In $\mathbb R[t]_2$ (vector space of all polynomials of up to a second degree), I need to compute the norm $||t^2 - 2t + 1||$, knowing only that:
$$\langle p(t),q(t)\rangle = p(-2)q(-2) + p(-1)q(-1) + p(0)q(0) + p(1)q(1)$$
I have absolutely no clue on how to compute it as I don't have the polynomials $p(t)$ and $q(t)$. Do I need to assume $p(t)$ and $q(t)$ generic polynomials, such as $p(t) = a + bt + ct^2$ and $q(t) = d + et + ft^2$, where $a,b,c,d,e,f$ would be scalars in $\mathbb R$?
On
As you have computed once for all the expression
$$\langle p,q \rangle=-2ea+4ad+6af+6eb-8ec-2bd+6cd-8bf+18cf,$$
said otherwise
$$(a \ \ b \ \ c)\underbrace{\left(\begin{array}{rrr}2&-1&3\\-1&3&-4\\3&-4&9\end{array}\right)}_A\begin{pmatrix}d\\e\\f\end{pmatrix},$$
it is not lost time if you are asked to calculate other norms.
Moreover, and this is the most important, due to the fact that the eigenvalues of symmetric matrix $A$ are positive ($0.5815,$$1.4351,$ $11.9834$) it proves that this inner product is associated with a "true" norm, which isn't a priori evident (triangular inequality is lengthy by direct means).

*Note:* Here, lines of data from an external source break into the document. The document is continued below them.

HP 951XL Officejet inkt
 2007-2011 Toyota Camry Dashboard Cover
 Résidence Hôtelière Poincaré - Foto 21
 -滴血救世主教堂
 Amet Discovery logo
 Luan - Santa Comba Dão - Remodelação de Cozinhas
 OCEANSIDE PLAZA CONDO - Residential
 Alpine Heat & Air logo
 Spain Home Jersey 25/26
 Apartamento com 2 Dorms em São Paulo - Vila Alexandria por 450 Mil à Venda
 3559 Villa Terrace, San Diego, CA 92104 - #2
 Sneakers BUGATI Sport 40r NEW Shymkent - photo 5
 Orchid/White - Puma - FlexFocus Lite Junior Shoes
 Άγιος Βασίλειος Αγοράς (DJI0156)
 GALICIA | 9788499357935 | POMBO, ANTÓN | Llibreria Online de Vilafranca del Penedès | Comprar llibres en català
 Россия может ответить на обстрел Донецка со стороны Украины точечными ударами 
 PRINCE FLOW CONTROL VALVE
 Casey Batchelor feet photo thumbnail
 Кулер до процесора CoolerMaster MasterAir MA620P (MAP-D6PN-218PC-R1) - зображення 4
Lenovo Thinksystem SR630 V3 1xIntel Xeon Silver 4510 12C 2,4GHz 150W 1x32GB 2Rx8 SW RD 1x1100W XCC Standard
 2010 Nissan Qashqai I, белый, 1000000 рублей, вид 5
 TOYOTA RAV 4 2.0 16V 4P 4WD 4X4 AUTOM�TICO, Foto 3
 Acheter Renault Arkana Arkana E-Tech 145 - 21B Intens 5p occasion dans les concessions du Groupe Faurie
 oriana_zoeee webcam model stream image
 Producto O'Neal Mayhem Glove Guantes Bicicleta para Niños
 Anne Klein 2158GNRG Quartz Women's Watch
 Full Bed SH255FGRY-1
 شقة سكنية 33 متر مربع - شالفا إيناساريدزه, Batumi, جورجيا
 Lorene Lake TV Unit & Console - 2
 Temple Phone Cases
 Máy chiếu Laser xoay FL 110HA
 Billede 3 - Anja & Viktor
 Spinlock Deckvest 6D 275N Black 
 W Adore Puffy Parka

Just plug into your formula:
\begin{align} \|t^2-2t+1\|^2 &= \|(t-1)^2\|^2\\ &= \langle (t-1)^2, (t-1)^2\rangle\\ &= (-2-1)^2(-2-1)^2 + (-1-1)^2(-1-1)^2 + (0-1)^2(0-1)^2 + (1-1)^2(1-1)^2\\ &= 81+16+1\\ &= 98 \end{align} so $\|t^2-2t+1\|=\sqrt{98}$.